However, after adopting A.L.M, the Brackeens also sought to adopt his sister, Y.R.J — once again facing opposition from the Navajo Nation. The case continued to progress, consolidating with similar lawsuits being filed across the nation. On June 2023, Haaland v. Brackeen reached the United States Supreme Court. In a 7-2 decision, the Court upheld ICWA, dismissing various constitutional challenges brought forth by the Brackeens and the State of Texas (collectively known as the “petitioners”).

For starters, the petitioners asserted that Congress exceeded its constitutional authority in enacting ICWA and that several of ICWA’s provisions violated the Tenth Amendment’s anti-commandeering principle, a doctrine which prevents Congress from compelling state officers “to administer or enforce a federal regulatory program” [5]. Additionally, petitioners argued that ICWA infringed upon the Fourteenth Amendment equal protection clause by hindering non-Indian families from fostering or adopting Indian children based solely on their race [6]. Lastly, they declared that a specific provision in ICWA allowing tribes to determine the order of adoption breached the nondelegation doctrine [7].

However, in this historic ruling, the court not only upheld the constitutionality of the Indian Child Welfare Act (ICWA) but also dismissed the petitioners' Tenth Amendment anti-commandeering challenges for lack of “merits,” and the equal protection and nondelegation claims for lack of “standing” [8].

At the heart of the court’s legal reasoning in Brackeen was a substantial clash between two staunch proponents of originalism. Justice Neil Gorsuch, a self-proclaimed originalist, delivered a passionate concurring opinion defending the constitutionality of the ICWA. On the contrary, Justice Clarence Thomas, also adhering to the originalism framework, dissented, arguing that Congress lacked the constitutional authority to enact ICWA.

Given that neither Justice devotes much attention to the anti-commandeering, equal protection, or nondelegation clauses, these constitutional challenges will not be examined in this paper.
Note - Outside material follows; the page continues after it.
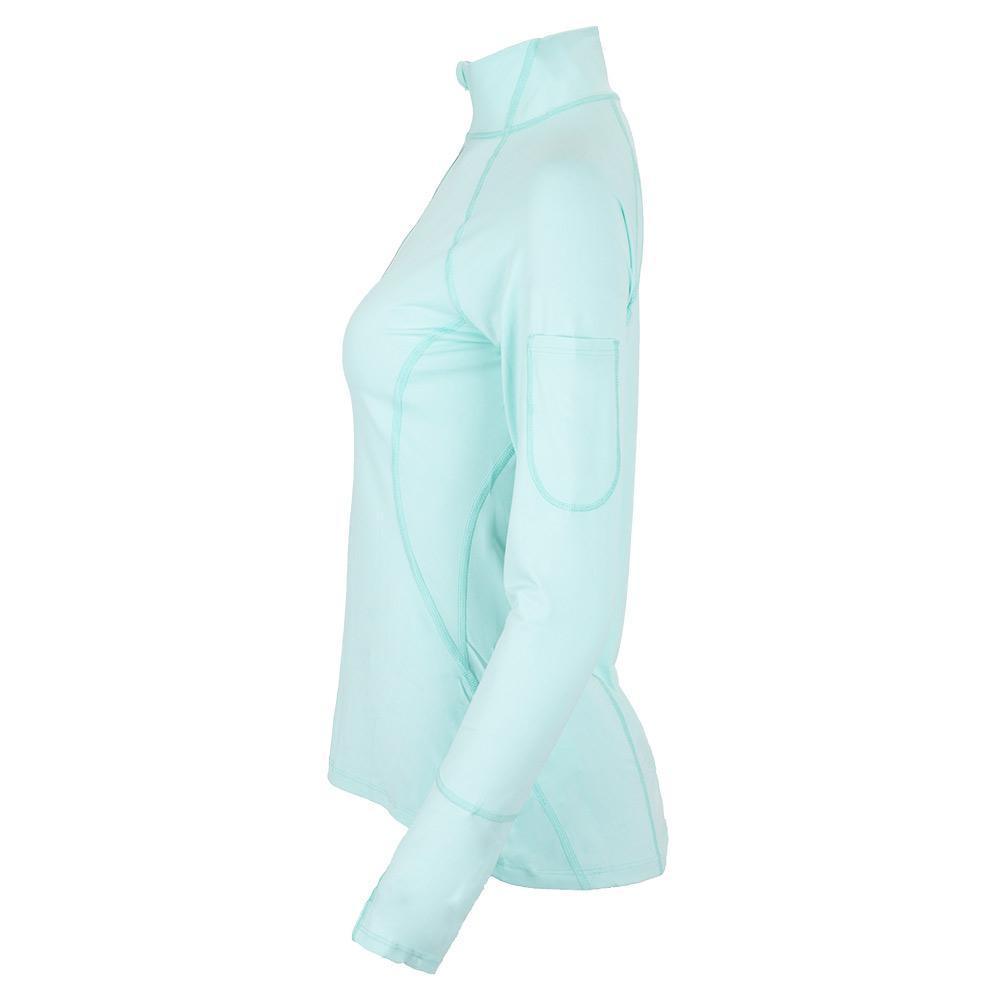 Women's Mock Zip Tennis Top Apparel BloqUV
Instead, this paper centers its analysis on the primary issue disagreed upon by the two originalist justices: the original meaning of the Indian Commerce Clause — a provision in Article 1, Section 8, Clause 3 of the Constitution that gives Congress the authority “To regulate Commerce with foreign Nations, and among the several States, and with the Indian Tribes” [9].
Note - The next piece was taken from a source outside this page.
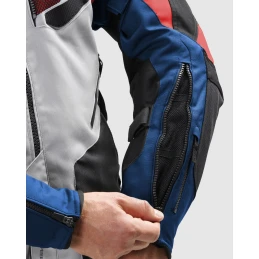 Куртка текстильная REBELHORN HIKER 4 LIGHT GREY BLUE RED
Part I outlines the arguments presented by Justice Gorsuch and Justice Thomas to support their respective positions. Part II analyzes their conflicting interpretations of the Indian Commerce Clause, despite adhering to the same originalist approach. Part III argues that this dispute reveals a major shortcoming of originalism as a theory of constitutional interpretation — the challenges it faces when confronted with historical ambiguities. In cases where the historical record can be misconstrued (even by jurists of the highest caliber), I argue that judicial opinions relying on originalist interpretations run the risk of not only being legally inconsistent but also factually uncertain — potentially endangering the legitimacy of stare decisis application.

It should be noted that not all self-described originalists treat original meaning as binding when interpreting the Constitution. Justice Elena Kagan famously remarked in her confirmation hearing, "We are all originalists” in the sense that all justices attempt to “apply what [the founders] meant to do” [10]. Similarly, Justice Ruth Bader Ginsburg considered herself "an originalist" who used founding principles, such as “equality,” as a starting point for interpreting constitutional provisions [11]. However, for this paper, the term "originalist" refers to the stringent historical approach employed by Justice Gorsuch and Justice Thomas, i.e. a commitment to treating the original meaning of the text of the Constitution as the definitive guiding principle for constitutional interpretation.

I. A BATTLE BETWEEN TWO ORIGINALISTS

For Justice Gorsuch, the majority decision succeeded “in keeping with the Constitution’s original design” [12]. For starters, he viewed the “original understanding of tribal sovereignty,” as one that fully recognized the tribal right to “self-government” [13]. In fact, he argued this interpretation traces back to a time preceding the existence of the United States. The British considered “the Indians as owners of their land” and entered into “all manner of treaties with the Tribes…just as it did with fellow European powers” [14]. Although Justice Gorsuch conceded that following the American Revolution, there was certainly a period “driven by state and individual intrusions on tribal land” resulting from the Articles of Confederation, he emphasized that the subsequent Constitution and conduct of early political administrations left no ambiguity regarding the original meaning of tribal sovereignty [15]. Henry Knox, for instance, in a letter to George Washington, described Indian Tribes as akin to “foreign nations, not as the subjects of any particular [S]tate” [16]. Thomas Jefferson spoke of them as sustaining “full, undivided, and independent sovereignty as long as they chose to keep it” [17]. Moreover, early legal precedents in cases such as Worcester v. Georgia, The New York Indians, and Elk v. Wilkins further recognized “the inherent sovereignty of Tribes” [18].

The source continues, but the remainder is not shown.